Is the Old Story about Kidney Thieves True?
NO ONE knows why, but in 1997 a mind contagion broke out in New Orleans. As the city geared up for its annual Mardi Gras festivities in January, a rumor began spreading via word-of-mouth, fax, and forwarded email to the effect that a highly organized crime ring in New Orleans was carrying out plans to drug visiting tourists, surgically remove healthy kidneys from their bodies, and sell the organs on the black market.
The viral message, which most often arrived under the header "Travelers Beware," sparked an avalanche of phone calls to local authorities, prompting the New Orleans Police Department to publish an official statement to calm public fears. Investigators found no substantiating evidence.
The story had a familiar ring. Before New Orleans, people said it happened in Houston; before Houston, Las Vegas — where an unsuspecting tourist was drugged in his hotel room by a prostitute and woke up the next morning, supposedly, in a bathtub full of ice, minus a kidney.
A chilling tale, and a dubious one
It's a scenario that has taken many forms. I first heard it myself many years ago from a friend who'd heard it from another friend, whose mother swore it had happened to a distant cousin.
In that version, the victim — we'll call him "Bob" — was on a business trip alone somewhere in Europe, and went out to a bar one night to have a cocktail. Wouldn't you know it, he woke up the next morning in an unfamiliar hotel room with severe pain in his lower back.
He was taken to the emergency room, where doctors determined that, unbeknownst to himself, Bob had undergone major surgery the night before. One of his kidneys had been removed, cleanly and professionally.
A chilling tale, and a dubious one. With minor variations, the same story has been told thousands of times by thousands of different people in many different locales. And it's always based, like the version I heard, and the version you heard, on third-, fourth-, or fifth-hand information.
It's an urban legend.
Which is not to say that human organs are never bought and sold illicitly in parts of the world where people can get away with it. The case for the existence of an international black market organ trade has become increasingly convincing in recent years. What remain unsubstantiated are the tales of "back room" organ thefts perpetrated in the dark of night in seedy hotel rooms or secluded alleyways.
"There is absolutely no evidence of such activity ever occurring in the U.S. or any other industrialized country," says the United Network for Organ Sharing. "While the tale sounds credible enough to some listeners, it has no basis in the reality of organ transplantation."

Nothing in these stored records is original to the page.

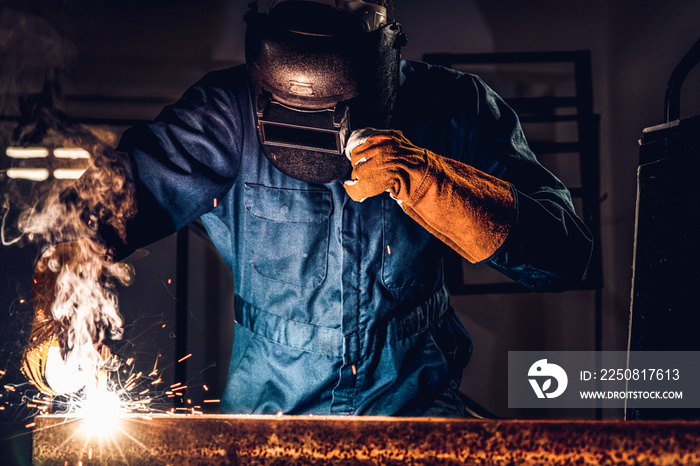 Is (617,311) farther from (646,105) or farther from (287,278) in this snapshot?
(287,278)

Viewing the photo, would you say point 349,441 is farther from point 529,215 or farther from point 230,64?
point 230,64

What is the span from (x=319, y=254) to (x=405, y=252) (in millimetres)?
259

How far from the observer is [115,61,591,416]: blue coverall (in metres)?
1.45

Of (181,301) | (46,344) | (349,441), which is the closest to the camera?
(349,441)

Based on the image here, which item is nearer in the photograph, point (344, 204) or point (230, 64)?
point (344, 204)

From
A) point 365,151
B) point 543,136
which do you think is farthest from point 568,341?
point 365,151

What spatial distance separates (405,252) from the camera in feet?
4.99

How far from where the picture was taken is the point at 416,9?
124 inches

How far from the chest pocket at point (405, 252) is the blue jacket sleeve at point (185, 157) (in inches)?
20.2

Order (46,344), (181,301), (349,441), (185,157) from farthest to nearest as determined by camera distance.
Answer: (181,301)
(185,157)
(46,344)
(349,441)

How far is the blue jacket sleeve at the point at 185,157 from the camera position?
1396 millimetres

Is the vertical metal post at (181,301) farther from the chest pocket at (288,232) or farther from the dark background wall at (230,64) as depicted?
the chest pocket at (288,232)

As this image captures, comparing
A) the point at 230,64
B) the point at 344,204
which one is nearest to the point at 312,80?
the point at 344,204

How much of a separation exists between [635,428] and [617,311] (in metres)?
2.55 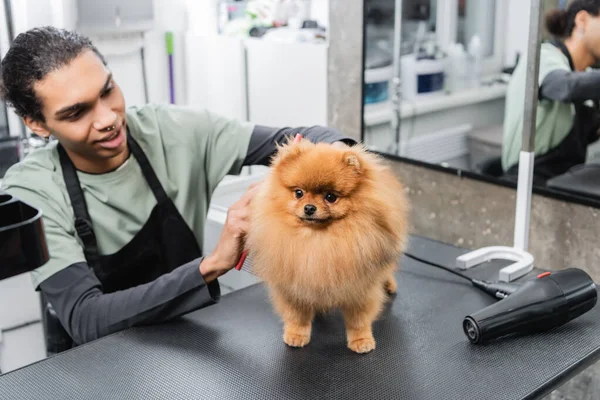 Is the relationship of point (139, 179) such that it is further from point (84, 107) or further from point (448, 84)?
point (448, 84)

In fact, it's all but impossible for such activities to take place outside properly-equipped medical facilities, UNOS argues. The removal, transport, and transplantation of human organs involves procedures so complex and delicate, requiring a sterile setting, minute timing, and the support of so many highly-trained personnel, that they simply could not be accomplished "on the street," as it were.
No confirmed victims have ever come forward
The National Kidney Foundation has repeatedly issued requests for alleged victims of such crimes to come forward and validate their stories. To date, none have.

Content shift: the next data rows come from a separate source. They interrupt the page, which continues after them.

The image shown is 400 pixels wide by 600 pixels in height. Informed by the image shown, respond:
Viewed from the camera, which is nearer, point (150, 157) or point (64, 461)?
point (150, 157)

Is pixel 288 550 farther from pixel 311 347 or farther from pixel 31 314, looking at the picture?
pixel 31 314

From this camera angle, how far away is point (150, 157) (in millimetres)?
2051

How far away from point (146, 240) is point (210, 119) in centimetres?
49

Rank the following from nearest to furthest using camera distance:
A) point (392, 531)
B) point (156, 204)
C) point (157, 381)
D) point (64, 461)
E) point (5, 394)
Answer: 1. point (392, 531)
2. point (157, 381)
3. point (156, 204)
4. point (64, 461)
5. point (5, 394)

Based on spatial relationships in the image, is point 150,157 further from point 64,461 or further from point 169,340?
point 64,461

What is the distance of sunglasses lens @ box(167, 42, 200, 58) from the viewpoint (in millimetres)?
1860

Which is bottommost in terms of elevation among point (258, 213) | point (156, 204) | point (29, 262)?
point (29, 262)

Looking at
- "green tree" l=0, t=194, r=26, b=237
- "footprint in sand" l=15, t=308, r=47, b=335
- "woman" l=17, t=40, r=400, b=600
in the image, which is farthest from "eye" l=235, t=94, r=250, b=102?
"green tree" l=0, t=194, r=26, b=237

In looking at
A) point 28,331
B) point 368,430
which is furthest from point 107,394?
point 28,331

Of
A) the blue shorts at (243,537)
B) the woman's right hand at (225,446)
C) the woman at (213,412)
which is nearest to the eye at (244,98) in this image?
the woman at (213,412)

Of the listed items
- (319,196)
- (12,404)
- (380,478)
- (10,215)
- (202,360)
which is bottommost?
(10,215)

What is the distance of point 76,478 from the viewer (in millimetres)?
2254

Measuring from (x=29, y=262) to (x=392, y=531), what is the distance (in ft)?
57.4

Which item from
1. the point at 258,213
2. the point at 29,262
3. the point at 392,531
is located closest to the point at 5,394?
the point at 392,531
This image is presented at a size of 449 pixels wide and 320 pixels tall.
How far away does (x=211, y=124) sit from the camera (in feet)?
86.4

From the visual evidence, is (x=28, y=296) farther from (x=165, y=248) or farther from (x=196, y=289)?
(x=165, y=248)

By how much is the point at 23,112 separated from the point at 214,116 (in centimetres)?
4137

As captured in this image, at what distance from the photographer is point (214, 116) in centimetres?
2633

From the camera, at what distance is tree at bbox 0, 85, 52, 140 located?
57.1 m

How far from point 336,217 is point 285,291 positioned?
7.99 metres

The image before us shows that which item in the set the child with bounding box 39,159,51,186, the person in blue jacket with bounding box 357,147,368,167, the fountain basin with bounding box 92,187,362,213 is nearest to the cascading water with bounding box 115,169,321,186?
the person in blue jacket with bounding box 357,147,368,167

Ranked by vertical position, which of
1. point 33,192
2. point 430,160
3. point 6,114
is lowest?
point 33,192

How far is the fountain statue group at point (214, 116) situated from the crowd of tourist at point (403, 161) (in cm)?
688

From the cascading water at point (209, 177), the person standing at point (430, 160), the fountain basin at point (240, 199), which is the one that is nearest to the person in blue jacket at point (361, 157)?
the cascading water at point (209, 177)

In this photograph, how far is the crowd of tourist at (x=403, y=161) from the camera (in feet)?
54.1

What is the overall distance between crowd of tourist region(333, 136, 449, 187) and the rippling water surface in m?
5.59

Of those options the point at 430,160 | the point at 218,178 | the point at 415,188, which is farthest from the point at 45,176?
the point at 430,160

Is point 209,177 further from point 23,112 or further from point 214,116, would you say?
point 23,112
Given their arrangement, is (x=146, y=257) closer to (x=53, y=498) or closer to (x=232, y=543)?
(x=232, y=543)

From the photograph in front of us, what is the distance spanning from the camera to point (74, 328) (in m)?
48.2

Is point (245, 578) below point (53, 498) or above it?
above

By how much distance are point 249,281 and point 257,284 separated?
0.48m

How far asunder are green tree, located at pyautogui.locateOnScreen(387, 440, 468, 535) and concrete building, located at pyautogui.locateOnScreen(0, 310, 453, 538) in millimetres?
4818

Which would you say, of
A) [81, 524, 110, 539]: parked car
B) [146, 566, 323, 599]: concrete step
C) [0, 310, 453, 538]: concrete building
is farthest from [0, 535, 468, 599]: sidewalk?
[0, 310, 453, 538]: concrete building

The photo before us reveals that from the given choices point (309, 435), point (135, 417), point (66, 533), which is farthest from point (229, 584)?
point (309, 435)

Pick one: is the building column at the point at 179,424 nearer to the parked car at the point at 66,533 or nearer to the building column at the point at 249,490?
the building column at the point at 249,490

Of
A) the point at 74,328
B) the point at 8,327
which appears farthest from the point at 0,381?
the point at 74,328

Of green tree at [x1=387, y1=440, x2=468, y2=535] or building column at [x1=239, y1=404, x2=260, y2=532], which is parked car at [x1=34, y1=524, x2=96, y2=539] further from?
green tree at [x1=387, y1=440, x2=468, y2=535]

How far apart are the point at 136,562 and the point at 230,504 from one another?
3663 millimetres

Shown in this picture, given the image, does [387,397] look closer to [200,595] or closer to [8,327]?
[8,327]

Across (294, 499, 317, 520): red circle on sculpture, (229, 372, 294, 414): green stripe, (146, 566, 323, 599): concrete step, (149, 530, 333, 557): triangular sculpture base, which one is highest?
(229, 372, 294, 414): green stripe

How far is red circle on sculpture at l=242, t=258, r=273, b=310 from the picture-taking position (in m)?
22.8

Even so, like so many urban legends fueled by irrational fear and ignorance, the organ theft story continues to spread from person to person and place to place, changing and adapting to its surroundings over time like a mutating virus.

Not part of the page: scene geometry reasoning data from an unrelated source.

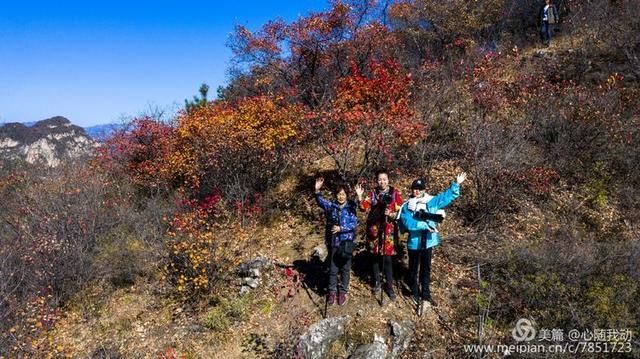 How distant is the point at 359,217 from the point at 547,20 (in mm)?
11642

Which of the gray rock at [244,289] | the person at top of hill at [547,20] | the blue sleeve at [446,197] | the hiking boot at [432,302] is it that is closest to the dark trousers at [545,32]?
the person at top of hill at [547,20]

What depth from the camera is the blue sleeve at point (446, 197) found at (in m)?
5.44

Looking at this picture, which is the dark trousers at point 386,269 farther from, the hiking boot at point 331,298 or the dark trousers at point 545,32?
the dark trousers at point 545,32

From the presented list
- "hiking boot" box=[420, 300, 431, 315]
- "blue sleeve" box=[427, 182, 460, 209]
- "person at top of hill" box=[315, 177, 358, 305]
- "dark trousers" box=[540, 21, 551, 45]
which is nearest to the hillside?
"hiking boot" box=[420, 300, 431, 315]

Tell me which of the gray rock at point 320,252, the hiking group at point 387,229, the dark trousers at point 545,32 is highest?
the dark trousers at point 545,32

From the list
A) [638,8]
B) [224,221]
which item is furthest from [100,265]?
[638,8]

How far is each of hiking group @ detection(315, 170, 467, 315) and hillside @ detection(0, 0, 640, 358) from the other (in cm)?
36

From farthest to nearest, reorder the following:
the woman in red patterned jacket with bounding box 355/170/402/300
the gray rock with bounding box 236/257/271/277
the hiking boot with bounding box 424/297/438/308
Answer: the gray rock with bounding box 236/257/271/277
the hiking boot with bounding box 424/297/438/308
the woman in red patterned jacket with bounding box 355/170/402/300

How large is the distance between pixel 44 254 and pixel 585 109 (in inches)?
487

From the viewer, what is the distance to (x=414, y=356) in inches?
225

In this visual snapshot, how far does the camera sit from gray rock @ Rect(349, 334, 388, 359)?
558 cm

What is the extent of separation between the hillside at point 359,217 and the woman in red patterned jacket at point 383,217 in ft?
2.97

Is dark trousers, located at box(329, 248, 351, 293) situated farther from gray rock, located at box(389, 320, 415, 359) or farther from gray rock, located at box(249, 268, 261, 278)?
gray rock, located at box(249, 268, 261, 278)

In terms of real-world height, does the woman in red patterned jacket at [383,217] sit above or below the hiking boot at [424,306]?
above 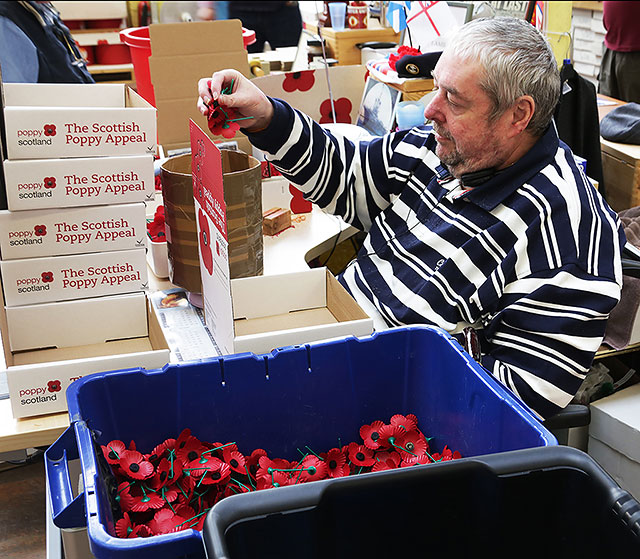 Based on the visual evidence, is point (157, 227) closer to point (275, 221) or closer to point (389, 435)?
point (275, 221)

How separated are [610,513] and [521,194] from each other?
0.96 meters

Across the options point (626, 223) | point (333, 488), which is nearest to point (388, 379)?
point (333, 488)

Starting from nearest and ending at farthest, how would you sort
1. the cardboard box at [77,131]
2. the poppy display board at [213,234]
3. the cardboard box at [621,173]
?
the poppy display board at [213,234], the cardboard box at [77,131], the cardboard box at [621,173]

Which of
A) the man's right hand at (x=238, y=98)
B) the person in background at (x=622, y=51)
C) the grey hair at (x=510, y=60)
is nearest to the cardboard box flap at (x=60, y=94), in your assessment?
the man's right hand at (x=238, y=98)

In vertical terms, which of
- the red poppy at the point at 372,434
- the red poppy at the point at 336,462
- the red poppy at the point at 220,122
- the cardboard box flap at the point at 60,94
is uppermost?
the cardboard box flap at the point at 60,94

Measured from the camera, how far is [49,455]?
Result: 1.00m

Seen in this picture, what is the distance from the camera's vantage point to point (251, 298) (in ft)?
5.15

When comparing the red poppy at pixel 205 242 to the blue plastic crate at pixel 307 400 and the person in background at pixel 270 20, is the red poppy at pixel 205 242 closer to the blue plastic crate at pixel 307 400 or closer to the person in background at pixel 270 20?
the blue plastic crate at pixel 307 400

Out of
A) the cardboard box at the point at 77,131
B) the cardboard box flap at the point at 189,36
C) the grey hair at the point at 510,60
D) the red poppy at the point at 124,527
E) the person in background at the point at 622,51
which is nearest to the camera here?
the red poppy at the point at 124,527

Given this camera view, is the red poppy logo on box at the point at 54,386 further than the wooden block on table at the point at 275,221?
No

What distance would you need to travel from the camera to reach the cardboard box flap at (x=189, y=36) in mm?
2191

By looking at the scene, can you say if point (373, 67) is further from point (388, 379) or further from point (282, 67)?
point (388, 379)

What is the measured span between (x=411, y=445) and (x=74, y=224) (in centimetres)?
72

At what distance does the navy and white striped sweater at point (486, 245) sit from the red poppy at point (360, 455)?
378 millimetres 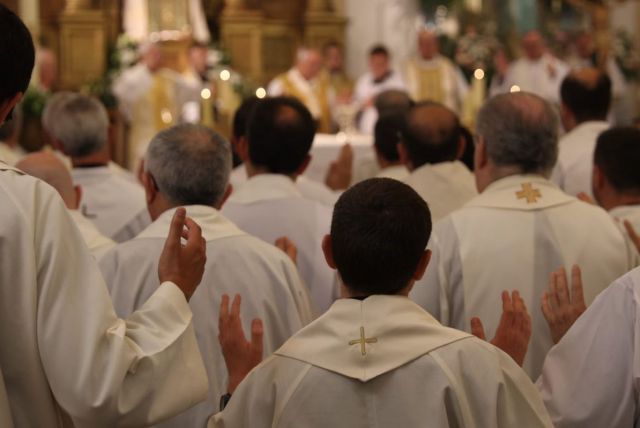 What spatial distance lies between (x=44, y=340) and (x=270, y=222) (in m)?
2.45

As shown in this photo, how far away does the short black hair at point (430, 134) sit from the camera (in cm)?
529

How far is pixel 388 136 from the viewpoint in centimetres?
611

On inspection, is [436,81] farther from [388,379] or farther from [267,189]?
[388,379]

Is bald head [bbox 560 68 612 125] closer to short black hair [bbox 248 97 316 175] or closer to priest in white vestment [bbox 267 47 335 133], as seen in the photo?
short black hair [bbox 248 97 316 175]

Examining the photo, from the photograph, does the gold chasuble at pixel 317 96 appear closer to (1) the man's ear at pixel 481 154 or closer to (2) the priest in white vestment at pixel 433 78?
(2) the priest in white vestment at pixel 433 78

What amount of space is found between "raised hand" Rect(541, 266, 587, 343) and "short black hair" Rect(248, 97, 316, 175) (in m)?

Unlike many other urban legends, unfortunately, this one has put real people's lives at risk. A decade or so ago, rumors began spreading in Guatemala to the effect that Americans were kidnapping local children in order to harvest their organs for transplantation in the United States. In 1994, several U.S. citizens and Europeans were attacked by mobs who believed the rumors to be true. An American woman, Jane Weinstock, was severely beaten and remains critically impaired.